‘Free Speech’ and Public Opinion in the Athenian Democracy During the Peloponnesian War: Aristophanes and his targets of criticism

Kory L. Plockmeyer (University of Florida)

The political climate changes over the course of a war, fluctuating based on factors such as public opinion and the relative success in the conflict. Throughout the Peloponnesian War, then, one would expect to see some change in the level of ‘free speech’ enjoyed by the citizens of Athens. In this paper, I argue that social pressure created a climate which hampered free speech during the Peloponnesian War in the Athenian democracy, as embodied by the Knights, Lysistrata, and Frogs of Aristophanes.
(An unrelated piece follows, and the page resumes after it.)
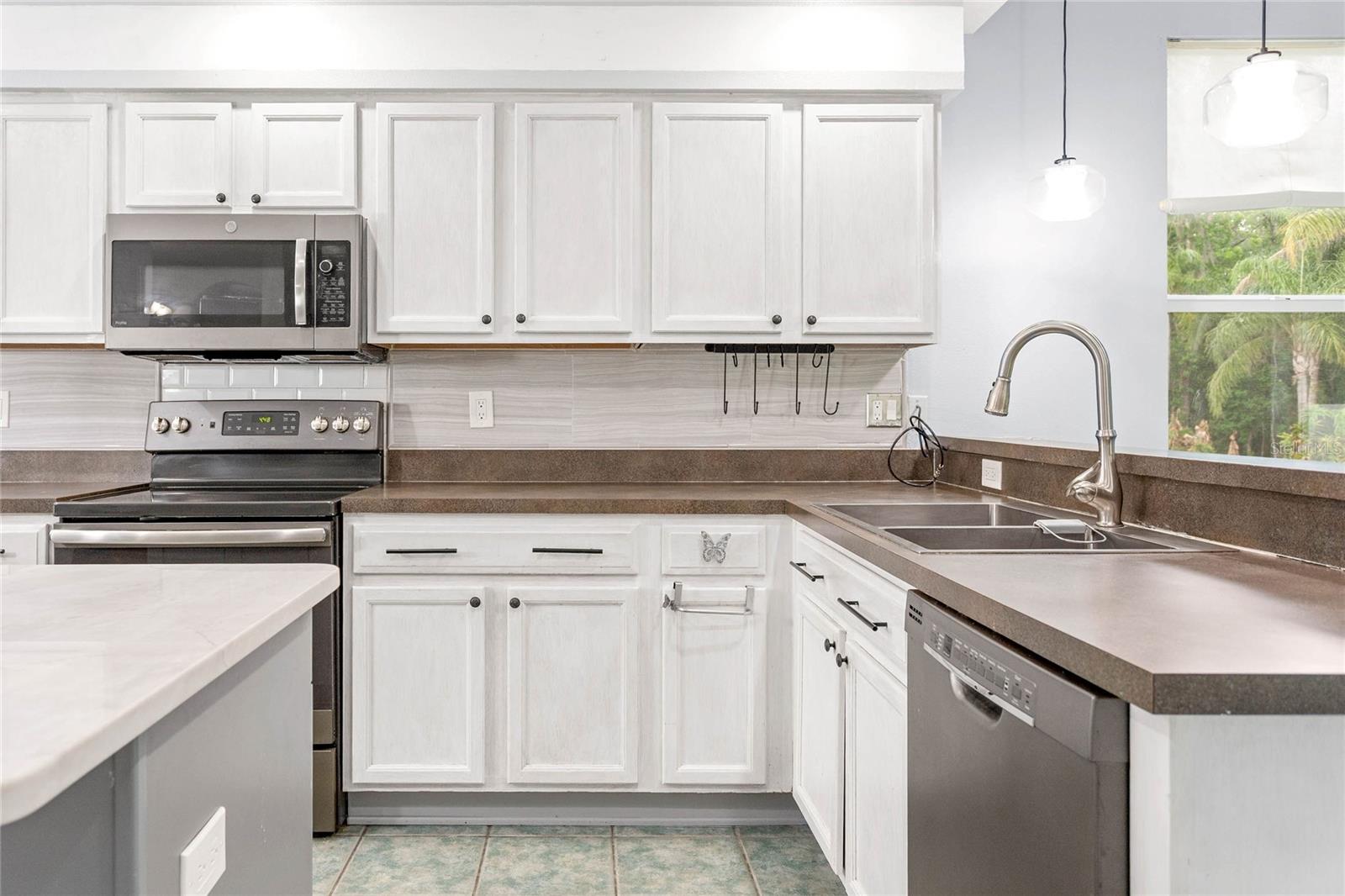 27012 SEA BREEZE WAY, WESLEY CHAPEL, FL, 33544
Most scholarship on the subject of censorship and free speech in comedy focuses on the legal restrictions on speech and the effects of such laws on the stage. While MacDowell (1978) holds that comedy was exempt from censorship laws, Sommerstein (2004) contends that Aristophanes and the other playwrights of Old Comedy constrained themselves within the same laws of censorship as other facets of Athenian life. This debate, then, drives investigations into the specifics of censorship laws and what effect they would have had on comedy. The other aspect of this debate focuses on whether or not any specific censorship laws were passed during the duration of the Peloponnesian War. Reckford (1987) maintains that no such laws were passed, whereas Atkinson (1992) argues that at least one—the Syracosian Decree, was passed in 415/414. Whitman offers perhaps the most poignant summary of this type of study, stating that “whatever laws of censorship existed were difficult to enforce, and perhaps this is the only explanation.” (Whitman 1964). In addition, I attempt to divorce myself from the ongoing debate in Aristophanic scholarship over the political nature and intent of Aristophanes’ comedies, though I do draw on ideas from both sides of issue.

In this paper, however, I approach the issue of censorship from the social climate which existed at the time of production. While this does not tell us of the specific legal censorship which may or may not have existed, it does provide us with keys to the pressures which may have been present when Aristophanes was writing his plays, compelling him to include some themes and personal attacks while leaving out others. In order to investigate this, I have selected the Knights, Lysistrata, and Frogs, three plays from near the beginning, middle, and end of the Peloponnesian War and Aristophanes’ career.

To investigate how social constraints put pressure on Aristophanes, I examine the targets of Aristophanes’ criticism in these three plays. This investigation reveals that Aristophanes moves from attacks on specific political figures and policies in the Knights, to a general critique of the war with little specific political attack in the Lysistrata, to even more broad political criticism and attacks on literary figures in the Frogs. I contend that by examining these plays and their subjects within the framework of their contemporary events in the Peloponnesian War, one is able to reconstruct an idea of the social climate in which Aristophanes wrote each of these plays. When one applies this social climate to the Knights, Lysistrata, and Frogs, it is possible to discern a progressive limitation on Aristophanes’ invective, a decisive check not due to any political or legal constraint, but rather due to the all-powerful force of public opinion.